Pictures with short captions.
────────
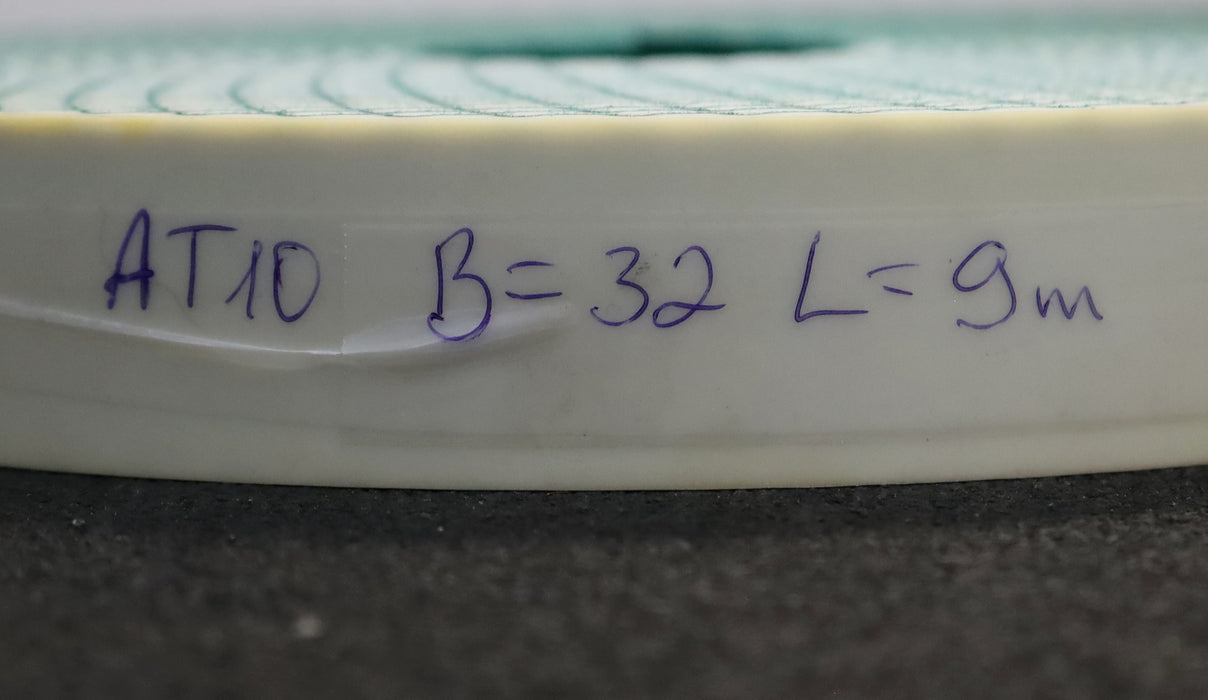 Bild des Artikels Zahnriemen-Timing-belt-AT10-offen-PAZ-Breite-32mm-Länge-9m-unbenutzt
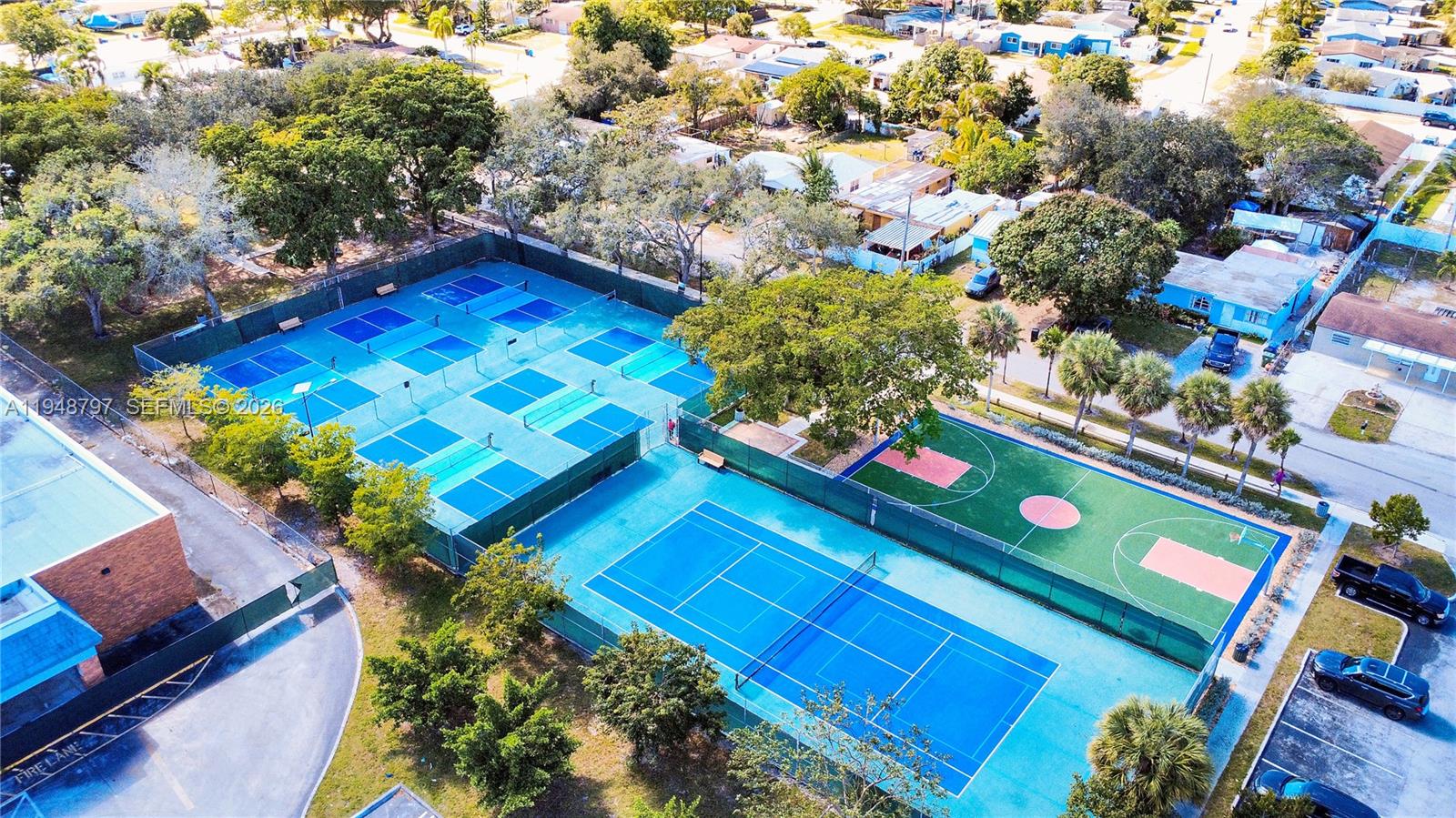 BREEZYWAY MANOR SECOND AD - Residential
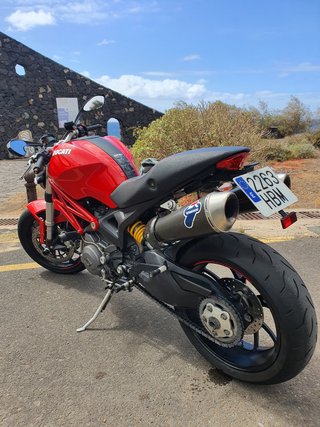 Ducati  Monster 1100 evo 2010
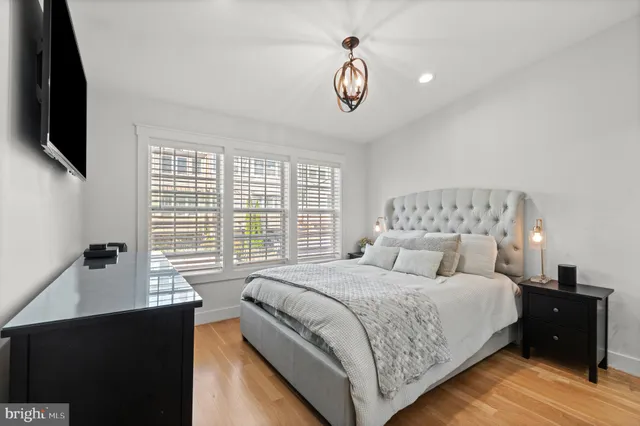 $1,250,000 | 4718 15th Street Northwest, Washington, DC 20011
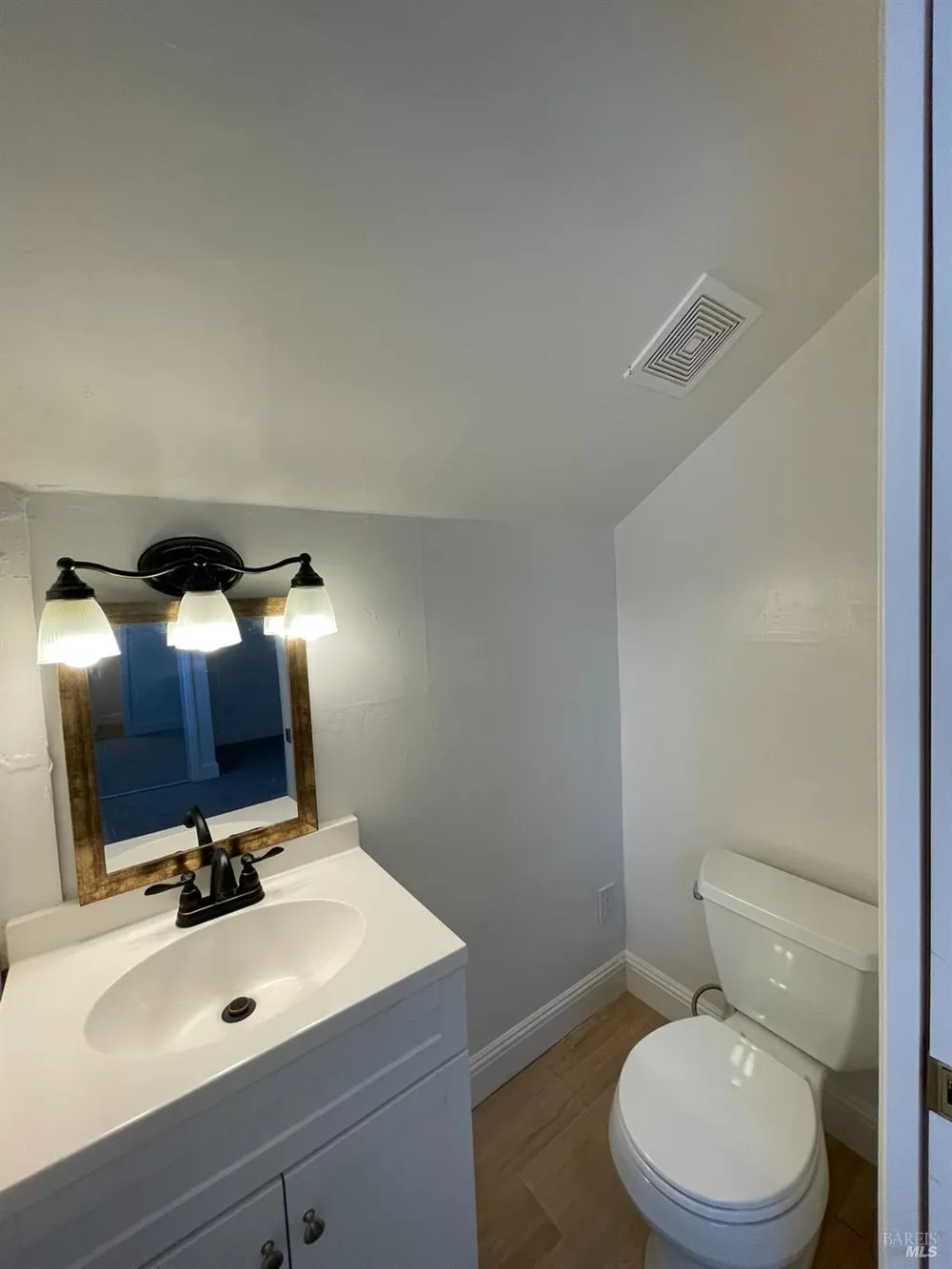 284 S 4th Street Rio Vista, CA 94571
────────
What is being asked.
A word-for-word copy is required of the lines above from the line with "Washington, DC 20011" through the last line of the data; no other lines and no pictures belong in it.

Solved problem.
 $1,250,000 | 4718 15th Street Northwest, Washington, DC 20011
 284 S 4th Street Rio Vista, CA 94571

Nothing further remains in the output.